▶ [About this exercise]: Return the entire listing, word for word.

:: Records for the exercise

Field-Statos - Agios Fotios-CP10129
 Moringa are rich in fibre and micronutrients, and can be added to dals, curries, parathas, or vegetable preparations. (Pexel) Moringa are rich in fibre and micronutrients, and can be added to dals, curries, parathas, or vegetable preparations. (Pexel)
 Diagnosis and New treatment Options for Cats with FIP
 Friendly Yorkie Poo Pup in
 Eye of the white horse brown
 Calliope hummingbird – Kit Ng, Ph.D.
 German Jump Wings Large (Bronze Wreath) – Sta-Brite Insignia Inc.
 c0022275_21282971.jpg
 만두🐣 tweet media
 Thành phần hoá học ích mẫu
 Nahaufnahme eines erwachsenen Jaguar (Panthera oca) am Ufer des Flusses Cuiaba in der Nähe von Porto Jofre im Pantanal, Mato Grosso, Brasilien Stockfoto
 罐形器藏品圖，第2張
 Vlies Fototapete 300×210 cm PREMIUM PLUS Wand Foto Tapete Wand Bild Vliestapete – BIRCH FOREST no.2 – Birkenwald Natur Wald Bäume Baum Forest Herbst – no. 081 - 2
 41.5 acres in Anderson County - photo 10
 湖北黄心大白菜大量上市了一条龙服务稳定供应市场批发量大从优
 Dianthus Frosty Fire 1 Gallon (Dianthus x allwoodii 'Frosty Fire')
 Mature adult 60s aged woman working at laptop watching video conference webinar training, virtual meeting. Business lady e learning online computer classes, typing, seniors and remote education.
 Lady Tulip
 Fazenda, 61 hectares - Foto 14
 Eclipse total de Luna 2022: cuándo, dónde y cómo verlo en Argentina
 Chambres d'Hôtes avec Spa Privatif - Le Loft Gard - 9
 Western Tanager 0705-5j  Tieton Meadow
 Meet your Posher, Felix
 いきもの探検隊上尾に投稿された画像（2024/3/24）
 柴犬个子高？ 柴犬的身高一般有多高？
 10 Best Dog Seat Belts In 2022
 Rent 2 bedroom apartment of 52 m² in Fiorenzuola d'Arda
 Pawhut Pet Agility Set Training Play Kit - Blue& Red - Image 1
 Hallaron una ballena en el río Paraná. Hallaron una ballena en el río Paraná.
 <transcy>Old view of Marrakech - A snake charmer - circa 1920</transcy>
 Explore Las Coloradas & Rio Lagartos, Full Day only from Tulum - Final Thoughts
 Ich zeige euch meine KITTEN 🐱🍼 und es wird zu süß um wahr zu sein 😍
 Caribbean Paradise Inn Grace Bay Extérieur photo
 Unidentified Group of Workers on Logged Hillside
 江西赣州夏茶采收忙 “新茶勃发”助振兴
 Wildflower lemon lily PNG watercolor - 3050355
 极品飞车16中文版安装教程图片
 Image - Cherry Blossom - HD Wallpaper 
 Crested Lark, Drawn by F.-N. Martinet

::::

▶ [Answer section]:
Field-Statos - Agios Fotios-CP10129
 Moringa are rich in fibre and micronutrients, and can be added to dals, curries, parathas, or vegetable preparations. (Pexel) Moringa are rich in fibre and micronutrients, and can be added to dals, curries, parathas, or vegetable preparations. (Pexel)
 Diagnosis and New treatment Options for Cats with FIP
 Friendly Yorkie Poo Pup in
 Eye of the white horse brown
 Calliope hummingbird – Kit Ng, Ph.D.
 German Jump Wings Large (Bronze Wreath) – Sta-Brite Insignia Inc.
 c0022275_21282971.jpg
 만두🐣 tweet media
 Thành phần hoá học ích mẫu
 Nahaufnahme eines erwachsenen Jaguar (Panthera oca) am Ufer des Flusses Cuiaba in der Nähe von Porto Jofre im Pantanal, Mato Grosso, Brasilien Stockfoto
 罐形器藏品圖，第2張
 Vlies Fototapete 300×210 cm PREMIUM PLUS Wand Foto Tapete Wand Bild Vliestapete – BIRCH FOREST no.2 – Birkenwald Natur Wald Bäume Baum Forest Herbst – no. 081 - 2
 41.5 acres in Anderson County - photo 10
 湖北黄心大白菜大量上市了一条龙服务稳定供应市场批发量大从优
 Dianthus Frosty Fire 1 Gallon (Dianthus x allwoodii 'Frosty Fire')
 Mature adult 60s aged woman working at laptop watching video conference webinar training, virtual meeting. Business lady e learning online computer classes, typing, seniors and remote education.
 Lady Tulip
 Fazenda, 61 hectares - Foto 14
 Eclipse total de Luna 2022: cuándo, dónde y cómo verlo en Argentina
 Chambres d'Hôtes avec Spa Privatif - Le Loft Gard - 9
 Western Tanager 0705-5j  Tieton Meadow
 Meet your Posher, Felix
 いきもの探検隊上尾に投稿された画像（2024/3/24）
 柴犬个子高？ 柴犬的身高一般有多高？
 10 Best Dog Seat Belts In 2022
 Rent 2 bedroom apartment of 52 m² in Fiorenzuola d'Arda
 Pawhut Pet Agility Set Training Play Kit - Blue& Red - Image 1
 Hallaron una ballena en el río Paraná. Hallaron una ballena en el río Paraná.
 <transcy>Old view of Marrakech - A snake charmer - circa 1920</transcy>
 Explore Las Coloradas & Rio Lagartos, Full Day only from Tulum - Final Thoughts
 Ich zeige euch meine KITTEN 🐱🍼 und es wird zu süß um wahr zu sein 😍
 Caribbean Paradise Inn Grace Bay Extérieur photo
 Unidentified Group of Workers on Logged Hillside
 江西赣州夏茶采收忙 “新茶勃发”助振兴
 Wildflower lemon lily PNG watercolor - 3050355
 极品飞车16中文版安装教程图片
 Image - Cherry Blossom - HD Wallpaper 
 Crested Lark, Drawn by F.-N. Martinet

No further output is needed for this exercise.